The government said it is worried about cheap credit in the U.S. destabilizing the local economy as large funds into the region could worsen inflationary pressure.
“The U.S. Federal Reserve’s pledge to maintain zero interest rate policy in the medium term could destabilize other economies even if they didn’t intend it,” Choi Jong-ku, deputy minister for international affairs of the Finance Ministry, told reporters.
An employee arranges $100 notes for a photograph at the Korea Exchange Bank headquarters in Seoul. (Bloomberg)
In a news conference for foreign press correspondents, Choi expressed concerns about renewed inflows of capital on government bonds.
“The two biggest risks to the Korean economy, as seen in 2008 financial downturn, are its short-term external debt and volatile capital movements.
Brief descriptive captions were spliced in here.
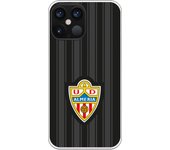 Funda original compatible con iPhone 12 Pro Max - UD Almería fondo negro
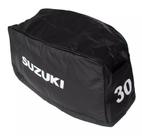 Capa Capô p/ Motor Popa Suzuki 30 HP Até 98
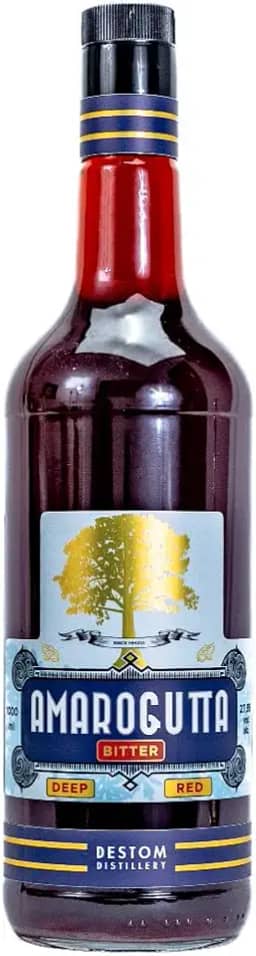 Bitter Amarogutta Deep Red 1000ml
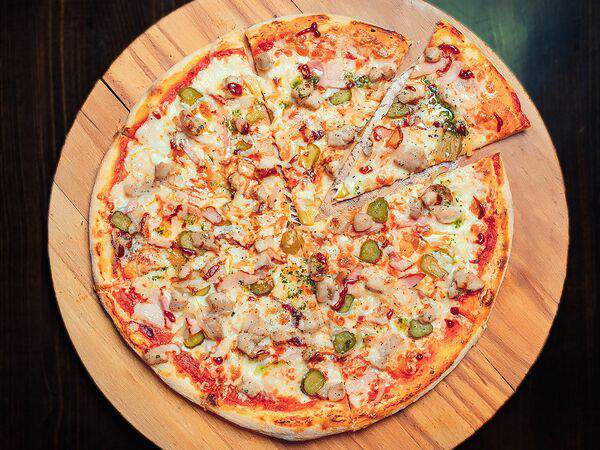 Food house - Пицца Панчетта 30 см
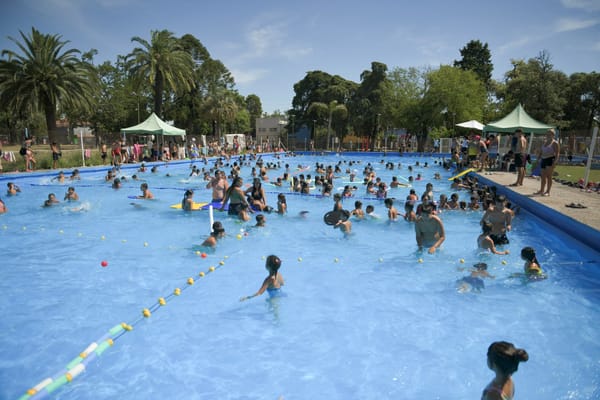 El municipio publicó los aranceles para la pileta en La Torcaza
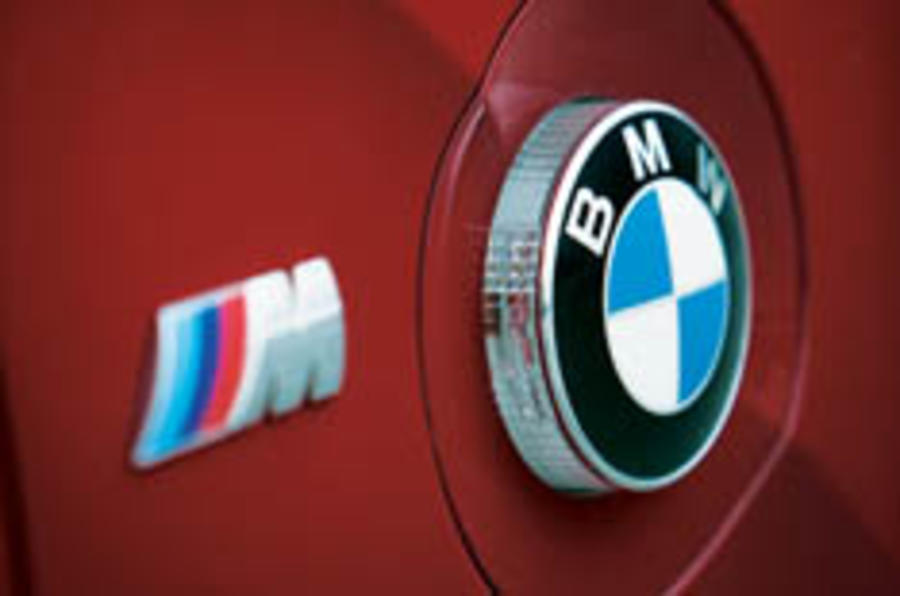 BMW's 'disappointing' financial results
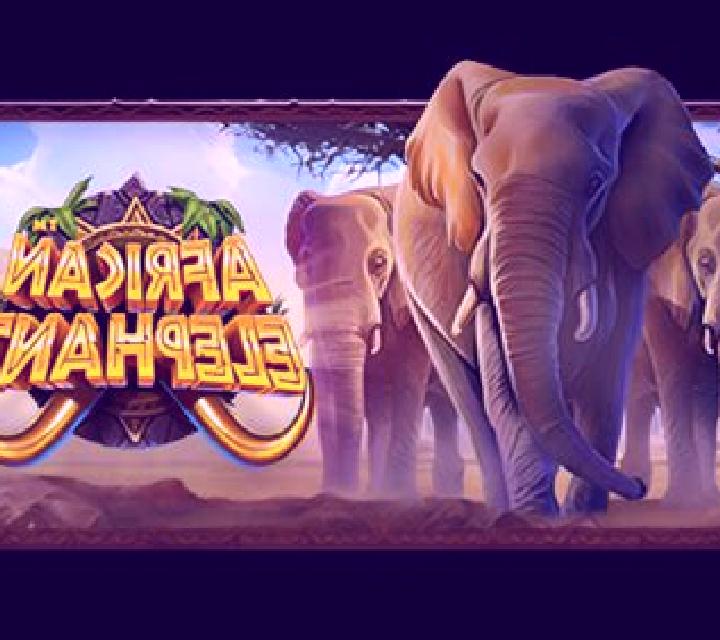 African Elephant slot game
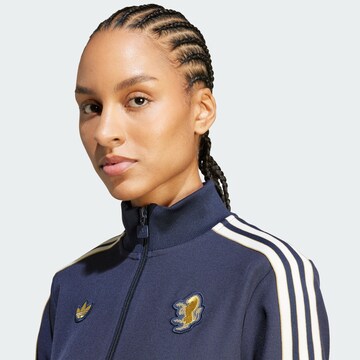 Veste de survêtement 'Juventus Terrace Icons' ADIDAS ORIGINALS en bleu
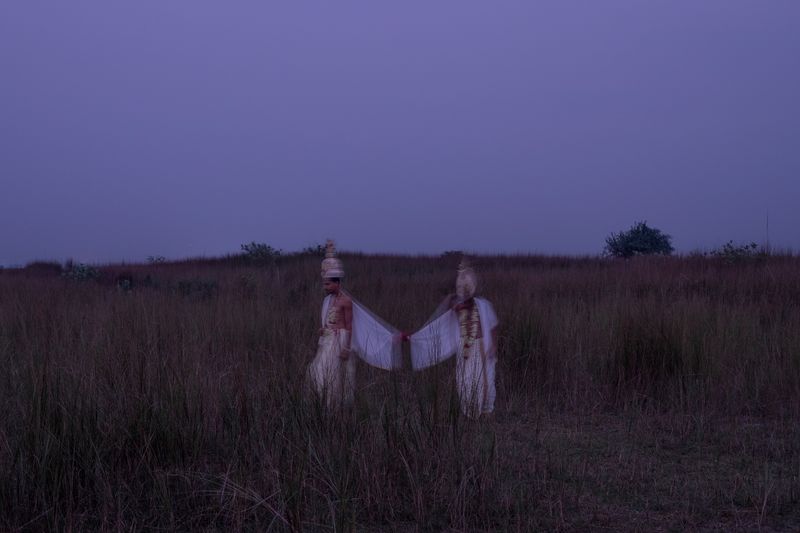 © Sumi Anjuman - Image from the Somewhere Else Than Here photography project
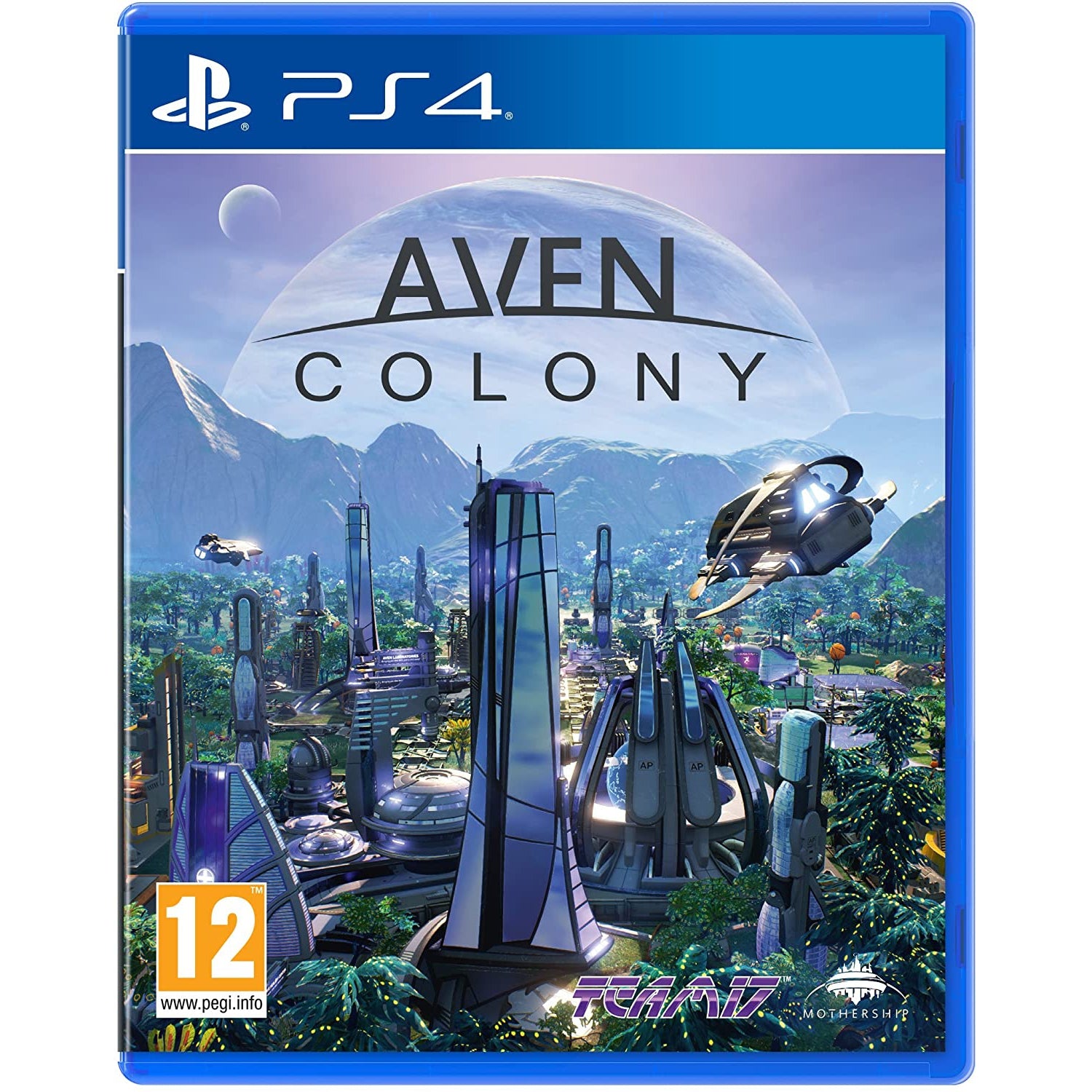 Aven Colony (PS4)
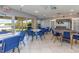 Community lounge area with game tables, comfortable seating, and a bright, inviting atmosphere at 7872 Sailboat Key S Blvd # 602, South Pasadena, FL 33707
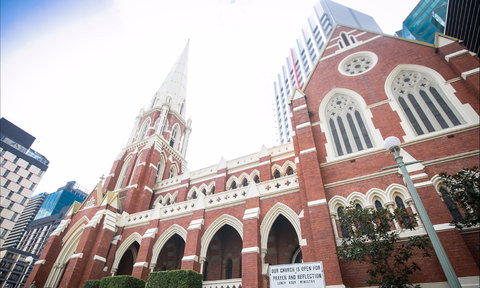 Albert Street Uniting Church - Northern Rivers Accommodation 0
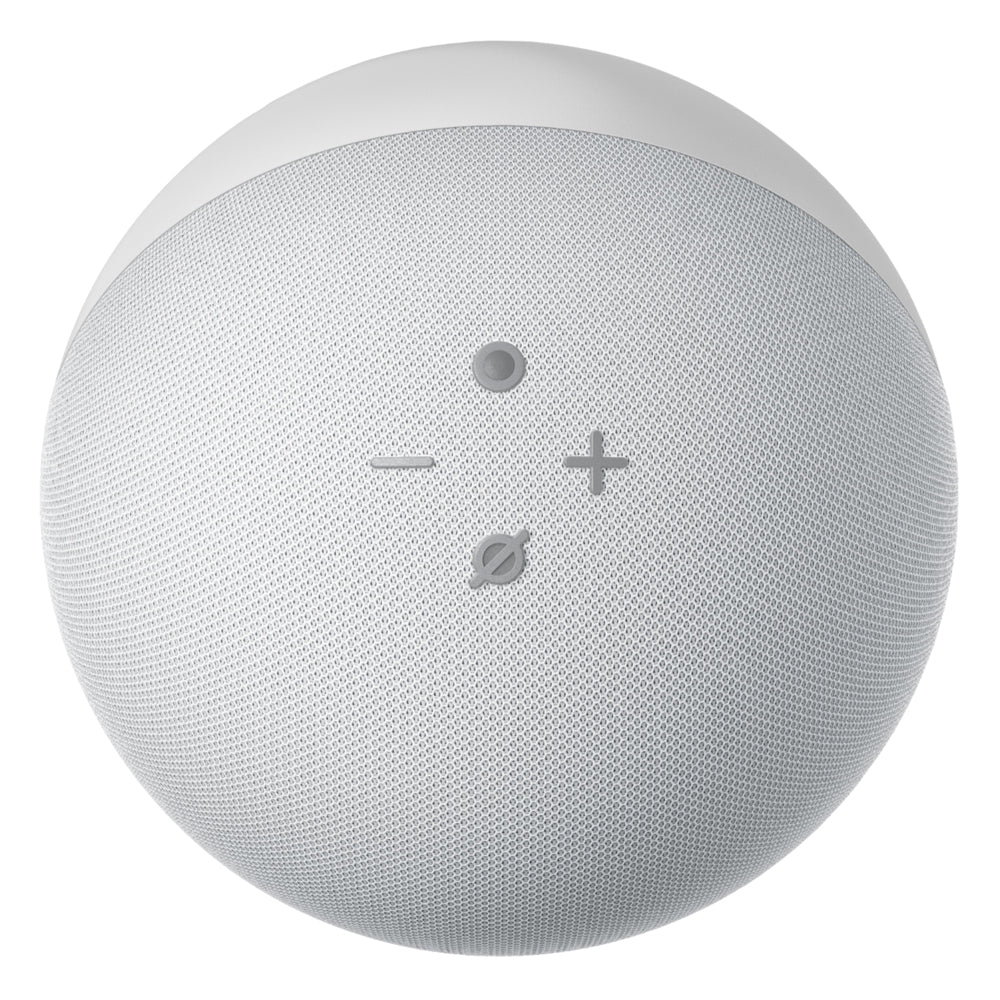 Amazon Alexa Echo (4ta generación) - Glacier White Open Box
Those risks are still there, and the capital is moving to the government bond market due to market uncertainties,” he said.
But Choi played down talk of additional capital control measures aimed at curbing foreign capital flowing into bonds denominated in the won.
Korea, along with its regional peers with relatively higher benchmark interest rates, is seen as vulnerable to volatile capital movements as cheap funds chasing high returns could enter and exit fast at the slightest sign of economic uncertainty.
Emerging market economies have attracted a large amount of investments in stocks and bonds from the U.S. and Europe, boosting inflation in the region.
Choi emphasized that Korea’s strong fiscal balance, diverse trading partners and ample foreign exchange reserves would keep the economy from being heavily impacted by the current debt woes in the U.S. and Europe.
“The Korean economy has enough policy room to cope with global uncertainties. Korea’s external debt structure is in a much better shape, and foreign currency liquidity remains at a healthy level," Choi said.
He also cited the latest analysis by the International Monetary Fund to emphasize the economy’s resilience, saying “(IMF) noted that even if a double-dip were to hit, our economy will be able to avoid major shocks.”
The Bank of Korea, holder of the world’s seventh-biggest foreign exchange reserves, has $311.03 billion on the side to protect the local currency against sharp volatilities.
The U.S. Federal Reserve Chairman Ben Bernanke on Tuesday night local time said he plans to hold the interest rate near zero until at least mid-2013.
But more investors around the world are interpreting the signal as a deterioration of outlook in the world’s most powerful economy, sparked by the historic cut of the U.S. debt rating by Standard & Poor’s from “AAA” to “AA+” over the weekend.